A few years back, CNCF began performing and open sourcing third-party security audits for projects to improve the overall security of our ecosystem. These audits have helped identify security issues, from general weaknesses to critical vulnerabilities, and given project maintainers a roadmap for addressing the identified vulnerabilities and adding documentation to help users.
Most recently, Cure53 completed an audit of SPIRE, part of the SPIFFE project. SPIRE (the SPIFFE Runtime Environment) is a toolchain of APIs for establishing trust between software systems across a wide variety of hosting platforms. The audit was completed in early 2021 and open sourced in mid-2021.
The audit focused on three areas: the security posture of the SPIRE project and software complex, a source code audit of the SPIRE code base, and a penetration test against SPIRE deployment.
The audit found that SPIRE is a secure project created with security in mind. The Cure53 team did not find any severe (or Critical) security flaws within the project. It did find a couple of minor vulnerabilities and implementation issues worth fixing, ranging from medium to high, including:
- CVE-2021-27099: Path normalization in Spiffe ID allows impersonation (Medium)
- CVE-2021-27098: Server impersonation through legacy node API (High)
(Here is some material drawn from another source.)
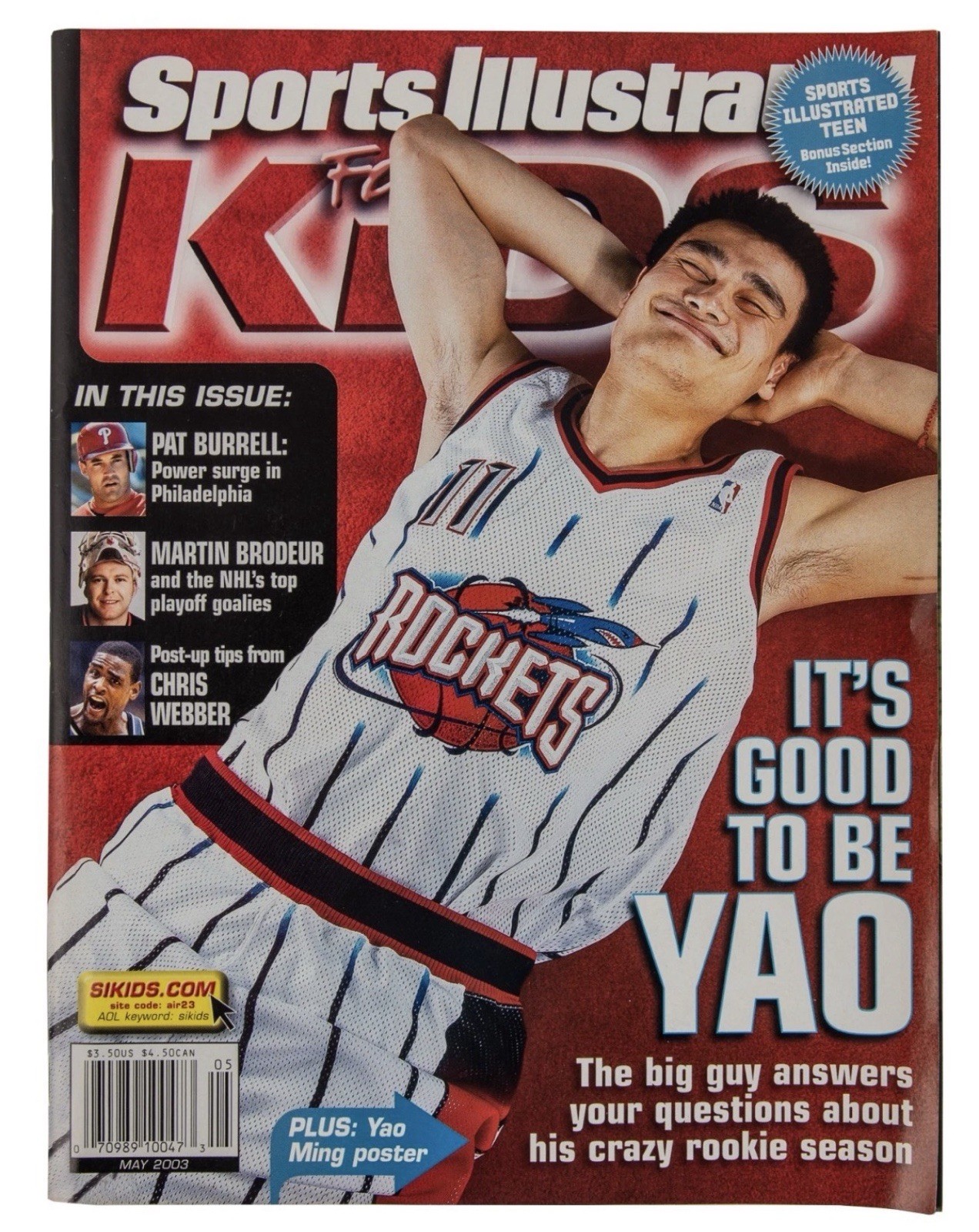 Sports Illustrated for Kids May 2003 Yao Ming Full Magazine Lebron Rookie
According to the Cure53 team, “the codebase, together with its extensive documentation, is very clean, well-structured and easy to follow. Despite the fact that there are some weaknesses here and there, like outdated third-party libraries (see SPI-01-005), or lacking input validation (as in [CVE-2021-27099]), the overall quality of the whole project can be judged as quite mature.”
“Overall, we were very pleased with both the process and the outcome of this audit,” said Evan Gilman, SPIRE project maintainer. “Not only were we provided with valuable feedback that helped us to improve the quality of the SPIRE software and processes, but we were also able to validate that our approach to this difficult and security-critical problem space is sound and stands up to close scrutiny.”